= Leopold Lichtenberg =

American violinist

Leopold Lichtenberg (November 22, 1861 – May 16, 1935) was an American violinist.

==Biography==
Lichtenberg was born in San Francisco, California to Jewish parents. Lichtenberg studied under Beaujardin, and made his first appearance in concert when eight years of age. In his twelfth year, he was asked by Henryk Wieniawski, then on a visit to California, to become his pupil. He accompanied Wieniawski on a tour through America. Some time afterward he spent six months in Paris under Lambert, and then rejoined Wieniawski at Brussels Conservatory, where he studied unremittingly for three years. After winning a prize at a national competition held in Belgium, he made a successful tour through the Netherlands.
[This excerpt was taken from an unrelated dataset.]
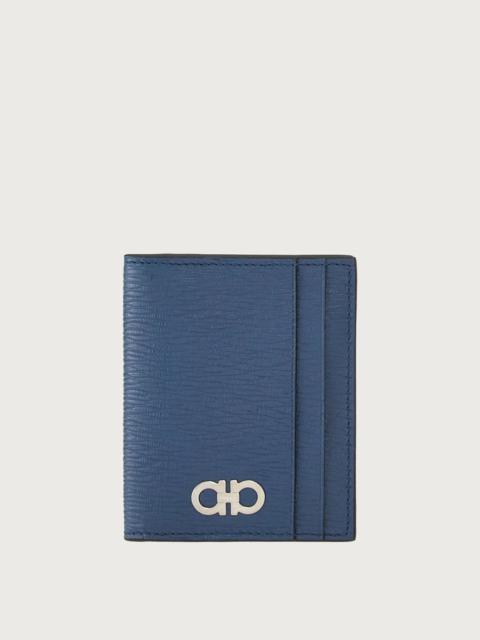 FERRAGAMO GANCINI CREDIT CARD HOLDER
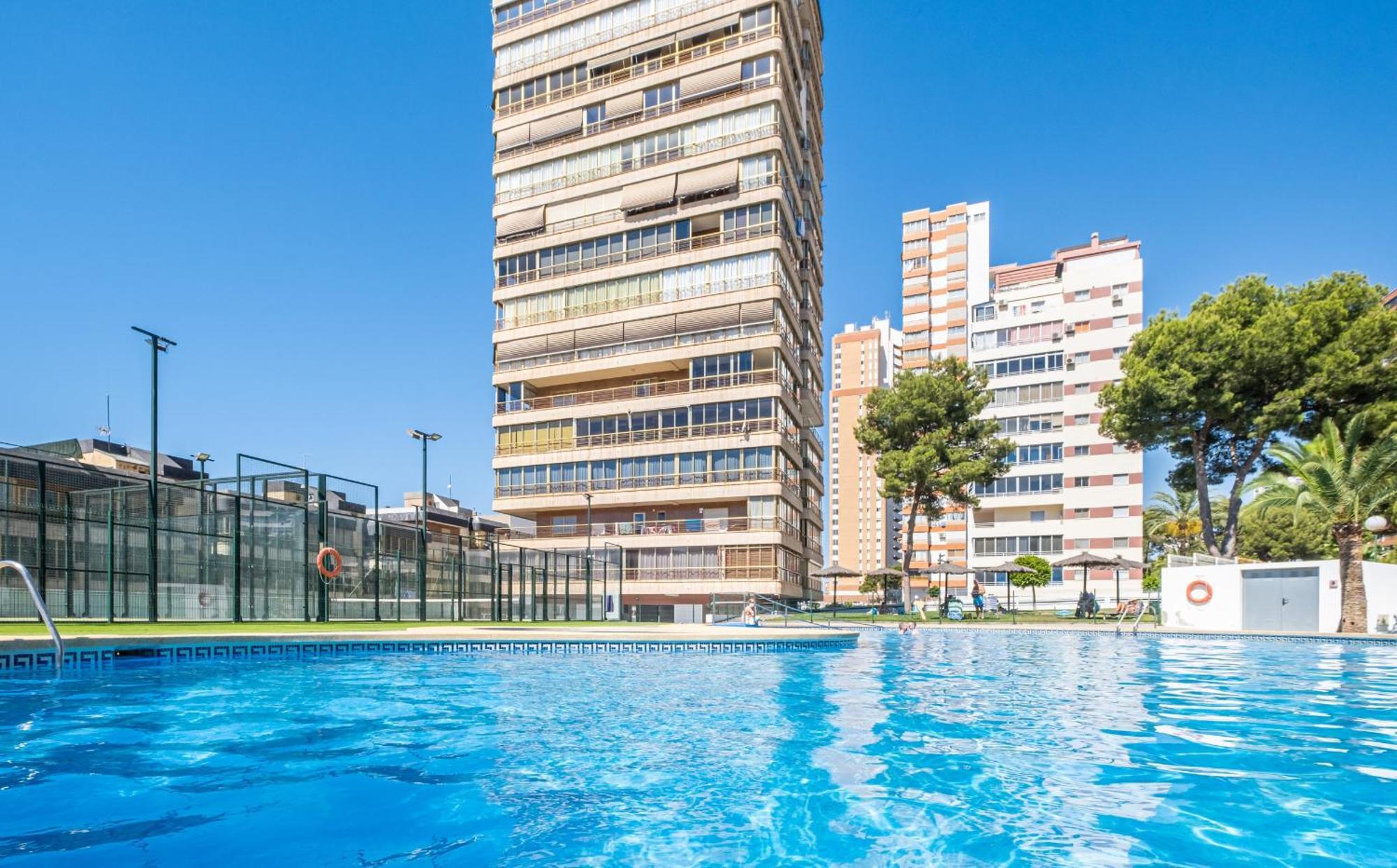 Benipark Apartments Poniente Beach Benidorm Exterior photo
Upon his return to America he played with Theodore Thomas' orchestra in New York City, and gave a number of recitals in other cities. After spending three years more in Europe, Lichtenberg gave another series of concerts in America, after which he settled for some time in Boston, Massachusetts, as a member of the Boston Symphony Orchestra (BSO). He next went to New York City to take charge of the department of violin at the National Conservatory. His fine technique and beautiful tone entitled him to high rank among violinists.

In December 1889 he was a soloist with the BSO under Arthur Nikisch for the grand opening of Lincoln Music Hall in Washington, D.C.

With pianist Adèle Margulies and cellist Leo Schulz, he formed the Margulies Trio, which became one of the foremost chamber music organizations of the United States. Lichtenberg died in Brooklyn, New York City, in 1935.